■ WORK TO BE COMPLETED ■
Please write out exactly the lines from the one with "Ultra 2025 רצועת" through the end of the data below, both ends included, and omit any pictures.

- - - - - - -

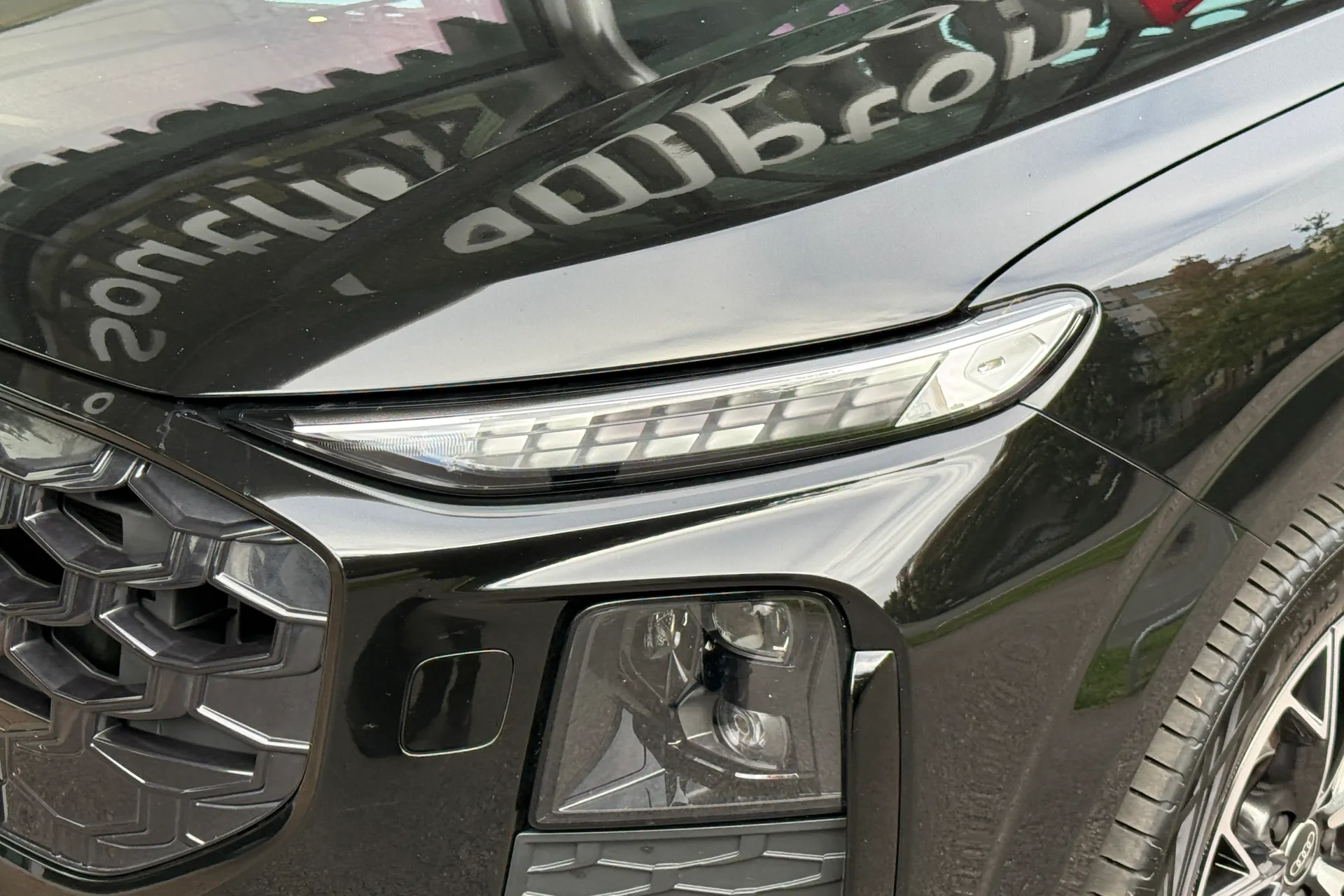 Audi Q3 thumbnail image number 49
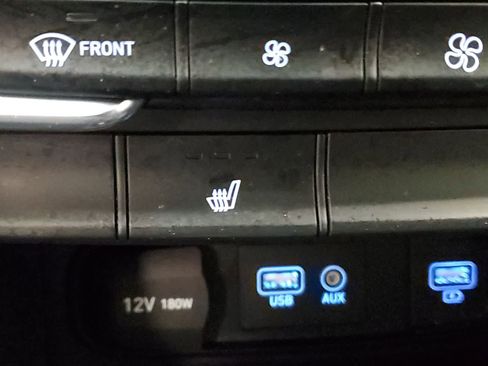 Used 2019 Hyundai Santa Fe Limited image 6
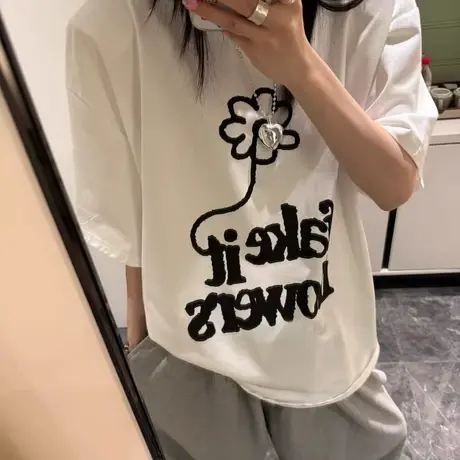 韩国东大门夏季新款时尚百搭花朵字母印花宽松慵懒垫肩短袖T恤女商品大图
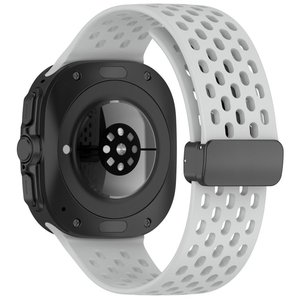 רצועת סיליקון מדגם Hole Magnetic Folding Buckle Silicone Band מבית LaTera (צבע Gray) לשעון חכם מדגם Samsung Galaxy Watch Ultra / Watch Ultra 2025 רצועת סיליקון מדגם Hole Magnetic Folding Buckle Silicone Band מבית LaTera (צבע Gray) לשעון חכם מדגם Samsung Galaxy Watch Ultra / Watch Ultra 2025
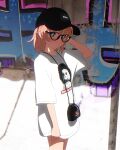  +_+ 1girl 3d alternate_hairstyle arm_at_side arm_behind_head baseball_cap black-framed_eyewear black_bag black_headwear blender_(medium) blonde_hair blush bright_pupils cel_shading closed_mouth clothes_writing commentary_request cowboy_shot day dot_mouth dot_nose english_text expressionless glasses graffiti hand_up hat highres looking_at_viewer multicolored_eyes multicolored_hair no_pants orange_hair outdoors pink_eyes print_shirt purple_eyes rinne_(rinrinne) rinrinne rinrinne39_(artist) shirt short_hair short_sleeves solo standing streaked_hair t-shirt virtual_youtuber wall white_pupils white_shirt 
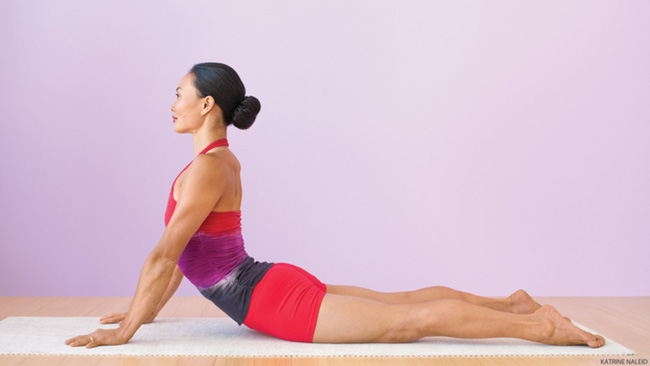 5 tư thế yoga cơ bản giúp cải thiện sức khỏe - Ảnh 4.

- - - - - - -

■ RESPONSE TO THE TASK ■
 רצועת סיליקון מדגם Hole Magnetic Folding Buckle Silicone Band מבית LaTera (צבע Gray) לשעון חכם מדגם Samsung Galaxy Watch Ultra / Watch Ultra 2025 רצועת סיליקון מדגם Hole Magnetic Folding Buckle Silicone Band מבית LaTera (צבע Gray) לשעון חכם מדגם Samsung Galaxy Watch Ultra / Watch Ultra 2025
  +_+ 1girl 3d alternate_hairstyle arm_at_side arm_behind_head baseball_cap black-framed_eyewear black_bag black_headwear blender_(medium) blonde_hair blush bright_pupils cel_shading closed_mouth clothes_writing commentary_request cowboy_shot day dot_mouth dot_nose english_text expressionless glasses graffiti hand_up hat highres looking_at_viewer multicolored_eyes multicolored_hair no_pants orange_hair outdoors pink_eyes print_shirt purple_eyes rinne_(rinrinne) rinrinne rinrinne39_(artist) shirt short_hair short_sleeves solo standing streaked_hair t-shirt virtual_youtuber wall white_pupils white_shirt 
 5 tư thế yoga cơ bản giúp cải thiện sức khỏe - Ảnh 4.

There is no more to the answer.